___ Source material

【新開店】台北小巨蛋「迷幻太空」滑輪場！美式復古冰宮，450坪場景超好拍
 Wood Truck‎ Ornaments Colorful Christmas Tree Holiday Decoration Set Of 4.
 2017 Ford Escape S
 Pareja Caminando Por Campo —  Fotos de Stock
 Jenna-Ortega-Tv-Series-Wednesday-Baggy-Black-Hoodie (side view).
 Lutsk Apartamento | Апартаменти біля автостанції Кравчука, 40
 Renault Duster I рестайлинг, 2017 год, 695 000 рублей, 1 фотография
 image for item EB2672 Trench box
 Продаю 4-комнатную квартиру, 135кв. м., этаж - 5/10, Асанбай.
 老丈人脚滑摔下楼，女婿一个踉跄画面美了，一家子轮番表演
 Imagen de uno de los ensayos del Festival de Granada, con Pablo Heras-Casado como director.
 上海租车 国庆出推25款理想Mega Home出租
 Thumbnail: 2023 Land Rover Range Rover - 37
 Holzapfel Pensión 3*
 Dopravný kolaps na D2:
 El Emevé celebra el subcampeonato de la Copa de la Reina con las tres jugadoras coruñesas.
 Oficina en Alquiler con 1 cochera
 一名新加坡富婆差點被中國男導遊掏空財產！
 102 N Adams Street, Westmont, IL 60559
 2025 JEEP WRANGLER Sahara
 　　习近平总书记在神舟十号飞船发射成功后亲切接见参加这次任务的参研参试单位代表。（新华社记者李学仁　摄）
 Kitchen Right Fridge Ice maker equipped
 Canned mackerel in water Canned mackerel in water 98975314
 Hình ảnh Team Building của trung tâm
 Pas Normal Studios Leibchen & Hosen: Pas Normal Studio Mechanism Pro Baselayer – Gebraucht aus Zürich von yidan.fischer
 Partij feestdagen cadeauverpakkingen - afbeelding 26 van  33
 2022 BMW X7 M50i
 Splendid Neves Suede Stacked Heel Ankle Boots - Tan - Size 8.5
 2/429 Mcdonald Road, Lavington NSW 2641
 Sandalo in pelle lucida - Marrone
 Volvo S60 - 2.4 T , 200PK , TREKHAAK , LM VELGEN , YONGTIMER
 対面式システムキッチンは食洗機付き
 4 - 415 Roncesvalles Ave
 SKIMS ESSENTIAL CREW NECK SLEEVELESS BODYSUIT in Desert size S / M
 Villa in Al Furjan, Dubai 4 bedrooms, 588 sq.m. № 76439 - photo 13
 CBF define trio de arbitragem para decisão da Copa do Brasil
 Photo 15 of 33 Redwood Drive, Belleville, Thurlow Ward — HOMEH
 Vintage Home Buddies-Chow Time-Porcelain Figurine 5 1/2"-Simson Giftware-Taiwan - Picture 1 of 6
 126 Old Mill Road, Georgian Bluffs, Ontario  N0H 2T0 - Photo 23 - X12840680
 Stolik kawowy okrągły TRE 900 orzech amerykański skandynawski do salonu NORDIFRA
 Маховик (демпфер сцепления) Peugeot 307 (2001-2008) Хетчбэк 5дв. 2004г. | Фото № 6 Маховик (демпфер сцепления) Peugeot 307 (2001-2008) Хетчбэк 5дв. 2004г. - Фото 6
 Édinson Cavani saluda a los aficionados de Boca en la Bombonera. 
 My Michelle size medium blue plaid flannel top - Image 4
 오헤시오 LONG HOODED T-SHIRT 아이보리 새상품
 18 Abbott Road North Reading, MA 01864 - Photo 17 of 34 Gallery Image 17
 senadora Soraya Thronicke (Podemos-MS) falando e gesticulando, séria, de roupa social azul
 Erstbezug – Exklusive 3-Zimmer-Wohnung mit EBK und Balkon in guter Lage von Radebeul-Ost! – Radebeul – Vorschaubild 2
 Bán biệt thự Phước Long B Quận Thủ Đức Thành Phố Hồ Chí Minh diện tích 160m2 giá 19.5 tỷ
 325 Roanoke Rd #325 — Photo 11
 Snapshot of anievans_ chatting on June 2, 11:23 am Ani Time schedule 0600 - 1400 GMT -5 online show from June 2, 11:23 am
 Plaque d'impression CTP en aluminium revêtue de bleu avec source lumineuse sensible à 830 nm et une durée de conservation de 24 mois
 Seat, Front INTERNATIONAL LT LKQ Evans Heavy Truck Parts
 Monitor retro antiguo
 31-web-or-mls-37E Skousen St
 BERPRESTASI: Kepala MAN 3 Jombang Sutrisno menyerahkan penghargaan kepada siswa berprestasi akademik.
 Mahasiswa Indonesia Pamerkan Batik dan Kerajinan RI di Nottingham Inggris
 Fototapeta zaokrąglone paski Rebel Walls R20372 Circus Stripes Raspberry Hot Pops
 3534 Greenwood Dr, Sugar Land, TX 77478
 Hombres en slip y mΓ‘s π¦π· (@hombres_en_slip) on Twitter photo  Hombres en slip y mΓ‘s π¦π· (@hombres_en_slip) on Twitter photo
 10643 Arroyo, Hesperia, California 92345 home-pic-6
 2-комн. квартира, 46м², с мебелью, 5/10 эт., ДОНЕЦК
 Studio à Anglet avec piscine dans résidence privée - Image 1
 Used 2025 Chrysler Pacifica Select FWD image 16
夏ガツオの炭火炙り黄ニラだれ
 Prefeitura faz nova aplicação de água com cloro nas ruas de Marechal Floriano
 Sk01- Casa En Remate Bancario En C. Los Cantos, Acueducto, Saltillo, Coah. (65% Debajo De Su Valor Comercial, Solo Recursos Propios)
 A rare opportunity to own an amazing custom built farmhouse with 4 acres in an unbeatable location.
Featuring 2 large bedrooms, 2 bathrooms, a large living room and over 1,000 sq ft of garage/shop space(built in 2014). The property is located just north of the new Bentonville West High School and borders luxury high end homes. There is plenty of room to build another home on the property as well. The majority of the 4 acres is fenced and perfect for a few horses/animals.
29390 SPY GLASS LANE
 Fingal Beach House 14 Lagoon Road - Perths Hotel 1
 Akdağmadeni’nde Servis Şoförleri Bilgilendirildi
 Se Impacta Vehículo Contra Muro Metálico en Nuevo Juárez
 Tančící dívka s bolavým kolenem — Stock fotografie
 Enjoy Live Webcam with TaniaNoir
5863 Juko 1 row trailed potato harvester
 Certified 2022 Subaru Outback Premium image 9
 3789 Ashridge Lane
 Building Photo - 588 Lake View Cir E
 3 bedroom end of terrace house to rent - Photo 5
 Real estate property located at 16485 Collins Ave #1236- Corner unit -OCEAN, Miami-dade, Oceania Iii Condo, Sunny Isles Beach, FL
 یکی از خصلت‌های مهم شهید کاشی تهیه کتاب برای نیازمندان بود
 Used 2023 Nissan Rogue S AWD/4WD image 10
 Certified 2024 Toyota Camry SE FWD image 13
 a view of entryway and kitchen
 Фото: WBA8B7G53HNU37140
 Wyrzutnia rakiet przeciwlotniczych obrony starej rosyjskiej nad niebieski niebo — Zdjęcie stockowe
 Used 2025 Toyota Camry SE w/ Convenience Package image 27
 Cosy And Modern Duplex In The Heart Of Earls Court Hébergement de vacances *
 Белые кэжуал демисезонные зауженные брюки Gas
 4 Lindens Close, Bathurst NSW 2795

______

■ What this task involves
Would you quote everything above from the line containing "Bán biệt thự" down to the line containing "Snapshot of anievans_"? Include both of those lines and nothing else.

■ Answer to this problem
 Bán biệt thự Phước Long B Quận Thủ Đức Thành Phố Hồ Chí Minh diện tích 160m2 giá 19.5 tỷ
 325 Roanoke Rd #325 — Photo 11
 Snapshot of anievans_ chatting on June 2, 11:23 am Ani Time schedule 0600 - 1400 GMT -5 online show from June 2, 11:23 am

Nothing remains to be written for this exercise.